* What is required:
Give back all of the data exactly as it appears here.

== == ==

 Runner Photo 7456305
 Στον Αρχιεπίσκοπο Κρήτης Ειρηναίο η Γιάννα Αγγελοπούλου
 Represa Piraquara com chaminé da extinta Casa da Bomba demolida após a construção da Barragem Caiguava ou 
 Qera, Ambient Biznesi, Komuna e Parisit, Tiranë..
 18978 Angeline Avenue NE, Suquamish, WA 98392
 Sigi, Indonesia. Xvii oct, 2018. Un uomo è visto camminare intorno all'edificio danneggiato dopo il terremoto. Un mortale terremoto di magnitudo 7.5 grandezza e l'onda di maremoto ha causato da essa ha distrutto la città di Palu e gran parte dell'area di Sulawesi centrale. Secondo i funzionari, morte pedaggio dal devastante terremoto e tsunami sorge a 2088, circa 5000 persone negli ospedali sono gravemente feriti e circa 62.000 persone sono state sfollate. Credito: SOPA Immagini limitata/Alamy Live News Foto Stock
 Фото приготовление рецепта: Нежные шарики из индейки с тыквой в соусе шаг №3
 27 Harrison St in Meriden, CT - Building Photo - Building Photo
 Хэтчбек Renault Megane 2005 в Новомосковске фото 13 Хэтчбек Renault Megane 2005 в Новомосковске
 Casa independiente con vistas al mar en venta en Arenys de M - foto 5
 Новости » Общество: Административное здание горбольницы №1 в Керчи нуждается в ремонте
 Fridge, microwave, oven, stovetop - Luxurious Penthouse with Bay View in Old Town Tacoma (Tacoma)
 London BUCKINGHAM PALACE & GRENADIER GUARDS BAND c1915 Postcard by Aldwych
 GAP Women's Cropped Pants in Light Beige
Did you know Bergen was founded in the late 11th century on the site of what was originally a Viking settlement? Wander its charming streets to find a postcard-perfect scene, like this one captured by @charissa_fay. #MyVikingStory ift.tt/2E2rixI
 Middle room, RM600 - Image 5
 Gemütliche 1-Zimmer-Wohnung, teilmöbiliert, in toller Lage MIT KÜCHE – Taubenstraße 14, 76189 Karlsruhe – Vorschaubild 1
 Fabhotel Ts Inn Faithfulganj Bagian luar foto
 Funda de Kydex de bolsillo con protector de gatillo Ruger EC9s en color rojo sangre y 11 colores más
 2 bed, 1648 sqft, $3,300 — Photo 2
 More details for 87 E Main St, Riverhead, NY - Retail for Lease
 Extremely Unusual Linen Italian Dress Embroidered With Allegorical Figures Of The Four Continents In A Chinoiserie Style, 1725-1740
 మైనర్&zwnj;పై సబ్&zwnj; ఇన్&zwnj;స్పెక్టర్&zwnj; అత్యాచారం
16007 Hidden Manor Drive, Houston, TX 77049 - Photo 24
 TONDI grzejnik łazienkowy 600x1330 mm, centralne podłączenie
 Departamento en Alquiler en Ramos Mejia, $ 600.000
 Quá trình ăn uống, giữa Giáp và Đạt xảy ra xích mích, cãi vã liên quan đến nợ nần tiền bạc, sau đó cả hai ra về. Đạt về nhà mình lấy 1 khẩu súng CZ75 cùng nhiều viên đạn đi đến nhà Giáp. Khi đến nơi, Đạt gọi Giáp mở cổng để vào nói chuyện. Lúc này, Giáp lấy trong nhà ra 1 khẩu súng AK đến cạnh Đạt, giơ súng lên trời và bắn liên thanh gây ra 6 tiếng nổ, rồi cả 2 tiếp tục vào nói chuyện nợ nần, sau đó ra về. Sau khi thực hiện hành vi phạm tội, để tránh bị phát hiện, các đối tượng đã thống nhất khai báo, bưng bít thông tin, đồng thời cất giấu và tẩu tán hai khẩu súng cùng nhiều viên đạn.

== == ==

* Exercise output:
 Runner Photo 7456305
 Στον Αρχιεπίσκοπο Κρήτης Ειρηναίο η Γιάννα Αγγελοπούλου
 Represa Piraquara com chaminé da extinta Casa da Bomba demolida após a construção da Barragem Caiguava ou 
 Qera, Ambient Biznesi, Komuna e Parisit, Tiranë..
 18978 Angeline Avenue NE, Suquamish, WA 98392
 Sigi, Indonesia. Xvii oct, 2018. Un uomo è visto camminare intorno all'edificio danneggiato dopo il terremoto. Un mortale terremoto di magnitudo 7.5 grandezza e l'onda di maremoto ha causato da essa ha distrutto la città di Palu e gran parte dell'area di Sulawesi centrale. Secondo i funzionari, morte pedaggio dal devastante terremoto e tsunami sorge a 2088, circa 5000 persone negli ospedali sono gravemente feriti e circa 62.000 persone sono state sfollate. Credito: SOPA Immagini limitata/Alamy Live News Foto Stock
 Фото приготовление рецепта: Нежные шарики из индейки с тыквой в соусе шаг №3
 27 Harrison St in Meriden, CT - Building Photo - Building Photo
 Хэтчбек Renault Megane 2005 в Новомосковске фото 13 Хэтчбек Renault Megane 2005 в Новомосковске
 Casa independiente con vistas al mar en venta en Arenys de M - foto 5
 Новости » Общество: Административное здание горбольницы №1 в Керчи нуждается в ремонте
 Fridge, microwave, oven, stovetop - Luxurious Penthouse with Bay View in Old Town Tacoma (Tacoma)
 London BUCKINGHAM PALACE & GRENADIER GUARDS BAND c1915 Postcard by Aldwych
 GAP Women's Cropped Pants in Light Beige
Did you know Bergen was founded in the late 11th century on the site of what was originally a Viking settlement? Wander its charming streets to find a postcard-perfect scene, like this one captured by @charissa_fay. #MyVikingStory ift.tt/2E2rixI
 Middle room, RM600 - Image 5
 Gemütliche 1-Zimmer-Wohnung, teilmöbiliert, in toller Lage MIT KÜCHE – Taubenstraße 14, 76189 Karlsruhe – Vorschaubild 1
 Fabhotel Ts Inn Faithfulganj Bagian luar foto
 Funda de Kydex de bolsillo con protector de gatillo Ruger EC9s en color rojo sangre y 11 colores más
 2 bed, 1648 sqft, $3,300 — Photo 2
 More details for 87 E Main St, Riverhead, NY - Retail for Lease
 Extremely Unusual Linen Italian Dress Embroidered With Allegorical Figures Of The Four Continents In A Chinoiserie Style, 1725-1740
 మైనర్&zwnj;పై సబ్&zwnj; ఇన్&zwnj;స్పెక్టర్&zwnj; అత్యాచారం
16007 Hidden Manor Drive, Houston, TX 77049 - Photo 24
 TONDI grzejnik łazienkowy 600x1330 mm, centralne podłączenie
 Departamento en Alquiler en Ramos Mejia, $ 600.000
 Quá trình ăn uống, giữa Giáp và Đạt xảy ra xích mích, cãi vã liên quan đến nợ nần tiền bạc, sau đó cả hai ra về. Đạt về nhà mình lấy 1 khẩu súng CZ75 cùng nhiều viên đạn đi đến nhà Giáp. Khi đến nơi, Đạt gọi Giáp mở cổng để vào nói chuyện. Lúc này, Giáp lấy trong nhà ra 1 khẩu súng AK đến cạnh Đạt, giơ súng lên trời và bắn liên thanh gây ra 6 tiếng nổ, rồi cả 2 tiếp tục vào nói chuyện nợ nần, sau đó ra về. Sau khi thực hiện hành vi phạm tội, để tránh bị phát hiện, các đối tượng đã thống nhất khai báo, bưng bít thông tin, đồng thời cất giấu và tẩu tán hai khẩu súng cùng nhiều viên đạn.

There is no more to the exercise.